There are several particular qualities of the book that should encourage us to read it, and which demonstrate how valuable it can be to Christians on our own pilgrimage.

Firstly, in reading The Pilgrim’s Progress we should note its earnest Biblicism. Bunyan’s knowledge and comprehension of Scripture become immediately apparent when reading the book, in at least three ways. There is, first of all, the direct quotation of Scripture. Time after time, one or another of the pilgrims utters, receives, offers, or dwells upon Scripture as the expression of their own desires or convictions, or as a source of instruction and comfort. The first action recorded of the burdened pilgrim is his reading of the Bible; the first plain expression of his heart’s conviction of sin and need of salvation is in the cry of the Philippian jailer from Acts 16.30: “What must I do to be saved?” Thereafter we find a multitude of direct quotes from the Word of God, appropriate to the particular needs and circumstances of the pilgrims.

In addition to the direct quotations, the reader familiar with his Bible will quickly identify and relish the Scriptural flavour of The Pilgrim’s Progress. Charles Spurgeon said that Bunyan’s book was the Bible in another shape. He suggested that Bunyan had read his Bible “till his whole being was saturated with Scripture” so that when we read Pilgrim’s Progress “we feel and say, ‘Why, this man is a living Bible!’ Prick him anywhere; and you will find that his blood is Bibline, the very essence of the Bible flows from him. He cannot speak without quoting a text, for his soul is full of the Word of God.” [1] Even when Bunyan is not directly quoting Scripture, and giving chapter and verse, he seems unable to write without its words and phrases flowing from his pen.
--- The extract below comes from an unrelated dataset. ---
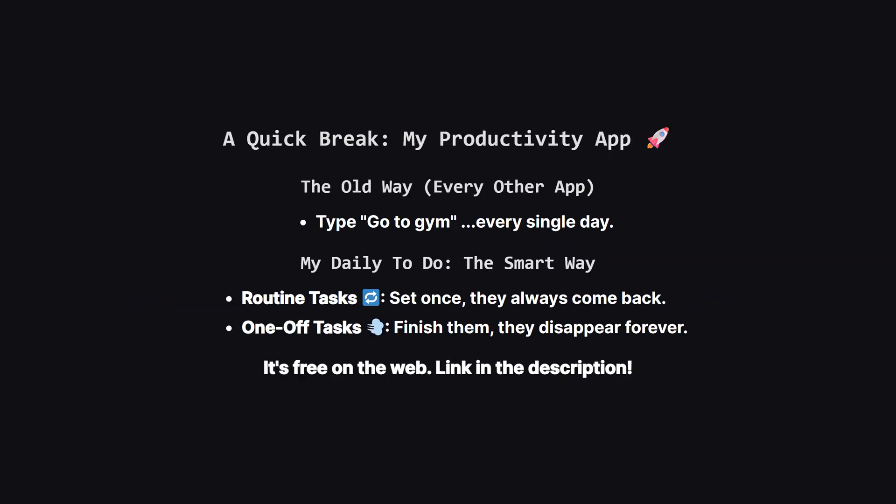Alright, before we go, I want to quickly show you a personal project I built to solve a problem that always drove me crazy. It's an app called MyDailyToDo. My biggest frustration with every other to-do app was retyping the same things every single day. Go to the gym, review code, work on the daily LeetCode problem. You know the drill. So, I built my app around one simple but powerful idea. Separating your routine tasks from your one-off tasks. Routine tasks marked with the little refresh icon automatically reset for the next day. One-off tasks, like ship new feature, get the little puff of smoke icon, and they disappear for good once you're done.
Neither should we forget Bunyan’s doctrinal insights. Throughout the two parts, the various characters engage in conversations both with friends (usually recollections of Christian truth and experience, or warnings of dangers) and with enemies (there are several debates, accusations answered, or rebuttals of error given). What is immediately evident is Bunyan’s practical grasp of the living truth: the Bible is no dead book, but the believer’s guide in faith and life. Bunyan was a warm-hearted, committed, thoroughly and truly evangelical Calvinist.[2] As Spurgeon says so often, Calvinism is simply a nickname for the truth of the Bible, and thus we see in Pilgrim’s Progress a sovereign and merciful God saving sinners by grace through faith in Jesus Christ. Justification by faith in Christ the Redeemer lies at the heart of Bunyan’s narrative.

The defining metaphor of Bunyan’s book is Biblical; the broad sweep and careful details are all Biblical; the language is Scriptural; the teachings – explicit and implicit – are grounded in the Word of God. The whole is delivered with the passionate earnestness of a man whose own soul depends upon the truths which he so sincerely and potently expresses to others.

Secondly, Bunyan provides a realistic depiction of decided and vigorous Christianity. Bunyan lived in an age and under circumstances in which genuine Christianity could never be a game or a hobby, but was often a matter of life or death, especially for Nonconformists. However, these issues are more than cultural ones, merely temporal and circumstantial; they are spiritual and eternal. At the crux of all is the question that once thrust itself upon Bunyan’s own soul: “Wilt thou leave thy sins, and go to heaven? Or have thy sins, and go to hell?”[3] Christian comes to a similar point, where (as he tells Evangelist) he is not willing to die, nor able to face judgement.[4] However, having been guided to the path to the Celestial City by Evangelist, he then holds to it through many trials and dangers, kept on the way through the grace of God until he reaches the end.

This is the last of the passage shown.